Sunny Day Saints: A Musing for Palm Sunday

Everything is fine and dandy.  Jesus is riding into the capitol on a young colt, with people shouting praises and throwing rushes down on the street in front of him.  Life is good.  He’s at the top of his style.

(image BBC News Palm Sunday in India)


In the background, a dark and sinister plot lurks in the shadows.
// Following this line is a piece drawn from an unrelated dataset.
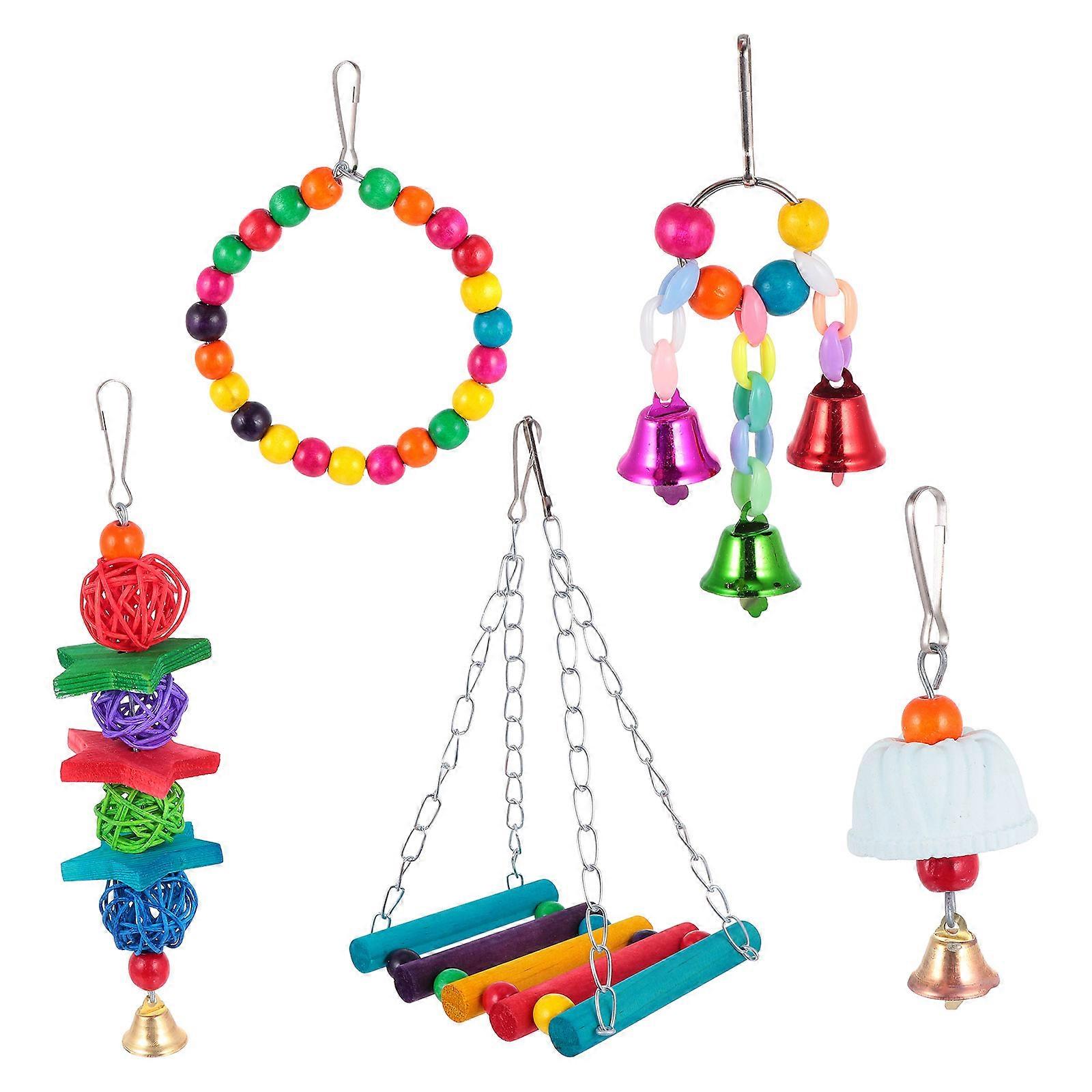 5pcs Parrot Chewing Set with Hanging Swing, Bell & Safe Wood for Cage Play – Ideal for Parrots, Cockatiels & Budgies to Reduce Boredom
The Sanhedrin has already made a decision to find some pretext to arrest and kill him, to stop these wild and reckless ideas he is spreading.  But none of that is apparent today.  It’s beautiful, sunny spring day.  The palms are lovely, the crowds adoring, and the colt is rather cute, too. 

Ideas about nonviolence are a bit like this, too.  Saying we believe in peace works great when everyone is getting along fine.  On a sunny day.  The test is how we respond when things aren’t going so well. 
Reading events of that week, it seems to me that Jesus was nonviolent to the bitter end. 

The imagery of himself being crucified, with men casting lots for his clothing, people taunting him to save himself, must have brought images from Psalm 22 to the mind of this Jewish descendant of David, who days before had been teaching in the temple:
All who see me mock me;
they hurl insults, shaking their heads.
8 “He trusts in the LORD,” they say,
“let the LORD rescue him.
Let him deliver him,
since he delights in him.

***
I am poured out like water,
and all my bones are out of joint.
My heart has turned to wax;
it has melted within me.
15 My mouth is dried up like a potsherd,
and my tongue sticks to the roof of my mouth;
you lay me in the dust of death.
16 Dogs surround me,
a pack of villains encircles me;
they pierce my hands and my feet.
17 All my bones are on display;
people stare and gloat over me.
18 They divide my clothes among them
and cast lots for my garment.
 
In the time between his arrest and his death, Jesus never retaliates.  He never fights back.  He never says anything negative.  

As men were casting lots for his clothing, he prayed, “Father, forgive them; for they do not know what they are doing.”

Then, he recites aloud from the beginning of Psalm 22:  “My God, my God, why have You forsaken me?” If you’re not careful, the path of nonviolence could end you looking something like this:

pieta

Is that something you and I are willing to do?  People are doing it today.  How many innocents have been killed this spring in Syria alone?  In Sudan? 

It’s easy to pay lip service to some worthy or noble cause, on a sunny, beautiful day.  The true test of whether we believe what we say we do, is whether we put our money where our mouth is, on the day when it hurts. 

As for myself, as I ponder these thoughts, I’d like to bring it to an even closer, more personal level.  To have compassion for an other, to give of ourselves, to see the world in nonviolent terms, to live a life giving more than lip service to truth-force, we don’t have to look for a crucifix.  For example, I have friends -- perhaps friends who may even read this post -- who have been there for me during times that were less than sunny.  When I think of these friends, I am reminded of the fact that “a friend in need, is a friend in deed.”  In matters large and small, our commitment and our willingness to live the life we claim to believe in, is the measure of who we really are and what we really stand for.  Many times, I’ve fallen short.  I’m grateful for the many times, and for the many people, who have stood in the gap for me.  For both the profound, and for the simple and ordinary, I owe many thanks to my rainy day Saints.